Hack70.Reduce Restart Times with Journaling Filesystems


Hack 70. Reduce Restart Times with Journaling Filesystems

Large disks and filesystem problems can drag down the boot process unless you're using a journaling filesystem. Linux gives you plenty to choose from.

Computer systems can only successfully mount and use filesystems if they can be sure that all of the data structures in each filesystem are consistent. In Linux and Unix terms, consistency means that all of the disk blocks that are actually used in some file or directory are marked as being in use, all deleted blocks aren't linked to anything other than the list of free blocks, all directories in the filesystem actually have parent directories, and so on. This check is done by filesystem consistency check applications, the best known of which is the standard Linux/Unix fsck application. Each filesystem has its own version of fsck (with names like fsck.ext3, fsck.jfs, fsck.reiserfs, and so on) that understands and "does the right thing" for that particular filesystem.

When filesystems are mounted as part of the boot process, they are marked as being in use ("dirty"). When a system is shut down normally, all its on-disk filesystems are marked as being consistent ("clean") when they are unmounted. When the system reboots, filesystems that are marked as being clean do not have to be checked before they are mounted, which saves lots of time in the boot process. However, if they are not marked as clean, the laborious filesystem consistency check process begins. Because today's filesystems are often quite large and therefore contain huge chains of files, directories, and subdirectories, each using blocks in the filesystem, verifying the consistency of each filesystem before mounting it is usually the slowest part of a computer's boot process. Avoiding filesystem consistency checks is therefore the dream of every sysadmin and a goal of every system or filesystem designer. This hack explores the basic concepts of how a special type of filesystem, known as a journaling filesystem, expedites system restart times by largely eliminating the need to check filesystem consistency when a system reboots.

8.3.1. Journaling Filesystems 101

Some of the more inspired among us may keep a journal to record what's happening in our lives. These come in handy if we want to look back and see what was happening to us at a specific point in time. Journaling filesystems operate in a similar manner, writing planned changes to a filesystem in a special part of the disk, called a journal or log, before actually applying them to the filesystem. (This is hard to do in a personal journal unless you're psychic.) There are multiple reasons journaling filesystems record changes in a log before applying them, but the primary reason for this is to guarantee filesystem consistency.

Using a log enforces consistency, because sets of planned changes are grouped together in the log and are replayed transactionally against the filesystem. When they are successfully applied to the filesystem, the filesystem is consistent, and all of the changes in the set are removed from the log. If the system crashes while transactionally applying a set of changes to the filesystem, the entries remain present in the log and are applied to the filesystem as part of mounting that filesystem when the system comes back up. Therefore, the filesystem is always in a consistent state or can almost always quickly be made consistent by replaying any pending transactions.

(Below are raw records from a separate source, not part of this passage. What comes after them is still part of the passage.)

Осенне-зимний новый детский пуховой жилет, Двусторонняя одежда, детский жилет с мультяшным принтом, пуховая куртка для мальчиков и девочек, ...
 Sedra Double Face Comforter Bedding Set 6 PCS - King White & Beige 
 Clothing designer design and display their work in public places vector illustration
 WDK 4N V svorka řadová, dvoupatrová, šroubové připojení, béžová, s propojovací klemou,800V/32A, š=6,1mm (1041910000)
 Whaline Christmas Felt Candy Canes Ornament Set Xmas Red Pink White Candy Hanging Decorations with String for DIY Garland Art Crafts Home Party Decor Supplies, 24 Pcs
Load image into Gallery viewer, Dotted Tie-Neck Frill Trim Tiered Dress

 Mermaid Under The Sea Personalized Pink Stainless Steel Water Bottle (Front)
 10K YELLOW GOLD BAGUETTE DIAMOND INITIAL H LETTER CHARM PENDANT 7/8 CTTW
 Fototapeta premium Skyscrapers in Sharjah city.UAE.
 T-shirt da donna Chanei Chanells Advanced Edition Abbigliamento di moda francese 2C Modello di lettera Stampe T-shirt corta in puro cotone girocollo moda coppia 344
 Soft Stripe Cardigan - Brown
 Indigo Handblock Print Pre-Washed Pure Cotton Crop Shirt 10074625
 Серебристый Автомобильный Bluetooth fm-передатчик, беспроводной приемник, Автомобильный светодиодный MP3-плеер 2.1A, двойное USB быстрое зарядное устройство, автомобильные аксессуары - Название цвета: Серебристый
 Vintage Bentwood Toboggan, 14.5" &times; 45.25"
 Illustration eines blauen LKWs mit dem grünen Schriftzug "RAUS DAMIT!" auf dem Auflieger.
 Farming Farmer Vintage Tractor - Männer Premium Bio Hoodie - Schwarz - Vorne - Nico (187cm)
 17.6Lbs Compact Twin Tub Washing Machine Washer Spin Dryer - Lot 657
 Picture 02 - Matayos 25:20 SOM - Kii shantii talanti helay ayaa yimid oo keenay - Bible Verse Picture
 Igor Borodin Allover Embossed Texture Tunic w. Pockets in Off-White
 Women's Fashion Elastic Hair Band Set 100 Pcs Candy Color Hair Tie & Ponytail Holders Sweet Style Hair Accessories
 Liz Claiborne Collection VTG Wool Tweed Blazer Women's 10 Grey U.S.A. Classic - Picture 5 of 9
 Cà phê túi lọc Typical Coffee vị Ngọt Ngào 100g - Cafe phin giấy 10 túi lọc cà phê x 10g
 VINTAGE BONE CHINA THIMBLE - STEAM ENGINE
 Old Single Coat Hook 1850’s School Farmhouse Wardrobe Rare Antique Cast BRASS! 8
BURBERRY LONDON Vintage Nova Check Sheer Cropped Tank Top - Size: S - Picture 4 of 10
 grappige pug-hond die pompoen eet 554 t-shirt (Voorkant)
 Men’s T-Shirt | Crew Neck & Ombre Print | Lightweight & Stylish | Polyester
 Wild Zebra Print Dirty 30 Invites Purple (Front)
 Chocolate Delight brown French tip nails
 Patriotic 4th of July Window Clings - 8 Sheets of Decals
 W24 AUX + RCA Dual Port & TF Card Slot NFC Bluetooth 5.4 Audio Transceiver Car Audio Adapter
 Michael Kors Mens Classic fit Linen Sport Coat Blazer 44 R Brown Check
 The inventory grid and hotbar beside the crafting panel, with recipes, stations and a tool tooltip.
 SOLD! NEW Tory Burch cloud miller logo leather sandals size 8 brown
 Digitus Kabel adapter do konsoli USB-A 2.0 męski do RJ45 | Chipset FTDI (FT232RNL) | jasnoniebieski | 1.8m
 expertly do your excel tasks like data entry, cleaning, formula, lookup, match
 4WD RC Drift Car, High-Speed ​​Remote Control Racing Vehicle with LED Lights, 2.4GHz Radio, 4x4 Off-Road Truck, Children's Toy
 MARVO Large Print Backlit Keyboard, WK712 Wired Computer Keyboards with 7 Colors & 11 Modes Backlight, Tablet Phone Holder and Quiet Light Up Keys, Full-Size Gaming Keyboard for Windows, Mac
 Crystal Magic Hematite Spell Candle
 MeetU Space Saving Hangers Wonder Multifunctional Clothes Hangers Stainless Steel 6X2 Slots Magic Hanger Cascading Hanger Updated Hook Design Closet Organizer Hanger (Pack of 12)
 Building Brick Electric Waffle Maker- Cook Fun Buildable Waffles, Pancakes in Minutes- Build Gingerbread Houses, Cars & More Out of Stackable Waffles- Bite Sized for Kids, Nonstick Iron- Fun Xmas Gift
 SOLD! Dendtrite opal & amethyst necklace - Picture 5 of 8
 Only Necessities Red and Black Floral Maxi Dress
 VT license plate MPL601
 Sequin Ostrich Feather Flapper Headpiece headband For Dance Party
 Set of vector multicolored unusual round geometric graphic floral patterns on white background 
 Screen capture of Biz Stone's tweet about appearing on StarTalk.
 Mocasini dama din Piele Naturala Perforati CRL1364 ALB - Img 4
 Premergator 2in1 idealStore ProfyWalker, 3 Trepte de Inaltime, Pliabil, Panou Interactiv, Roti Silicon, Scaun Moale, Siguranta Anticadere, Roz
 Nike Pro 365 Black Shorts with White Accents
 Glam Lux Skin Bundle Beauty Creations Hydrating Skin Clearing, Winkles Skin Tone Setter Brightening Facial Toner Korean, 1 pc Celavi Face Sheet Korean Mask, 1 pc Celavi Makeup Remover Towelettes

I say "almost always" because a journaling filesystem can't protect you from bad blocks appearing on your disks or from general hardware failures, which can cause filesystem corruption or loss. See "Recover Lost Partitions" [Hack #93], "Recover Data from Crashed Disks" [Hack #94], and "Repair and Recover ReiserFS Filesystems" [Hack #95] for some suggestions if fsck doesn't work for you.


8.3.2. Journaling Filesystems Under Linux

Linux offers a variety of journaling filesystems, preintegrated into the primary kernel code. Depending on the Linux distribution that you are using, these may or may not be compiled into your kernel or available as loadable kernel modules. Filesystems are activated in the Linux kernel on the File Systems pane of your favorite kernel configuration mechanism, accessed via make xconfig or (for luddites) make menuconfig. The options for the XFS journaling filesystem are grouped together on a separate pane, XFS Support.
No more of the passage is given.